I learned a lot building this little wobbler (Elmer's 25) and I really should have written it all down but I didn't.

Thanks to all here whose postings I studied and who answered questions while I was getting ready to attempt an engine.

There's lots to do before this guy can go to the head of the shelf as engine #1, but I couldn't resist clamping it in a vise and putting air to it.
The video was shot while I was experimenting with a big flywheel outboard of the normal one. It just chugs right along.

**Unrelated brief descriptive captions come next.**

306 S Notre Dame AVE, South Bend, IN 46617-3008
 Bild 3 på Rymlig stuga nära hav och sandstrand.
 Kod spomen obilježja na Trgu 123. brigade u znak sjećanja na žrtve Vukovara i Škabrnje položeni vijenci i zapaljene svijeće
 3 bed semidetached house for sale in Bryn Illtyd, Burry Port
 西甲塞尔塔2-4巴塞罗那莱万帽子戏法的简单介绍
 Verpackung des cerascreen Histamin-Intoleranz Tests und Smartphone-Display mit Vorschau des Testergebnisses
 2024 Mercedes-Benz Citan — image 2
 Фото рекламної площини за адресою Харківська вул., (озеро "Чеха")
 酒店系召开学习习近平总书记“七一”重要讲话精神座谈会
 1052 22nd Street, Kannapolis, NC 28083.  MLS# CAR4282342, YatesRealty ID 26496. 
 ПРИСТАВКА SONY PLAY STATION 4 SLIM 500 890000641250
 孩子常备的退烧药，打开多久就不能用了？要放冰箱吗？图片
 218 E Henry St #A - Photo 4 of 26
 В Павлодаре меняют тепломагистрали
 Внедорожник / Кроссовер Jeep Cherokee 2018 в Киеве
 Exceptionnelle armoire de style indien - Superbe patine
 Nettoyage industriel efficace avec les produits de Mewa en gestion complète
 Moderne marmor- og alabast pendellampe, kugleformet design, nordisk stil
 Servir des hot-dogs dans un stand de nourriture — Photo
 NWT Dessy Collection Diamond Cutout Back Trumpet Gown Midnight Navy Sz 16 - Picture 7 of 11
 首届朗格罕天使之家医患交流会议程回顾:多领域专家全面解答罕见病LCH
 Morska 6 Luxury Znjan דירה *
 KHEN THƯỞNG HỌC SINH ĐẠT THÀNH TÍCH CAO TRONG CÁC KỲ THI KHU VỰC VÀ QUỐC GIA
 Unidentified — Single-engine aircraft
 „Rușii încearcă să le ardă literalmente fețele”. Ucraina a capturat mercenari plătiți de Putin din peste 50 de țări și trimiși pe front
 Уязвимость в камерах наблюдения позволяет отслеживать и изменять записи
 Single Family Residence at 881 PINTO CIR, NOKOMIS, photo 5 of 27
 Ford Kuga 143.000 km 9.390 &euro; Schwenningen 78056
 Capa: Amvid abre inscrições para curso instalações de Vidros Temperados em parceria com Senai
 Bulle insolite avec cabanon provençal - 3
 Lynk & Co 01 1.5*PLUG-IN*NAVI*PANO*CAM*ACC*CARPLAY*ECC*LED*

Special thanks to John Somers at http://start-model-engineering.co.uk/ who answered many questions.


----------



## 90LX_Notch (Nov 27, 2010)

Woodguy,

Great job!! It's a great feeling when the first one runs. Congratulations.

Bob


----------



## gbritnell (Nov 27, 2010)

Congratulations on your build. It's a great feeling isn't it? You probably don't need that much flywheel for it to run. Most double acting steam engines tick over pretty good with not much flywheel action.
gbritnell


----------



## Philjoe5 (Nov 27, 2010)

Nice going woodguy. No matter where you go from here you'll never forget your first runner. Congratulations and thanks for posting your good work. :bow:

Cheers,
Phil


----------



## rake60 (Nov 28, 2010)

Congrats Woodguy!

First runners are what sets the hobby obsession hook. 

Rick


----------



## JohnS (Nov 29, 2010)

Well done Woodguy - its a great feeling when your first born is a runner. Glad I was able to help.

John-Som


----------



## b.lindsey (Nov 29, 2010)

The first one will always be special....nice job on this one !!! It will need company though for sure so what do you have planned next? ;D

Bill


----------



## arnoldb (Nov 29, 2010)

Well done Woodguy Thm:

The first runner is very special ;D - and addictive!

Regards, Arnold

Edit: Happy Birthday as well!


----------



## kustomkb (Nov 29, 2010)

Congratulations! like they said, you're hooked now.


----------



## Maryak (Nov 29, 2010)

Woodguy,

Congratulations the 1st runner is a momentous happening. :bow: :bow:

Best Regards
Bob


----------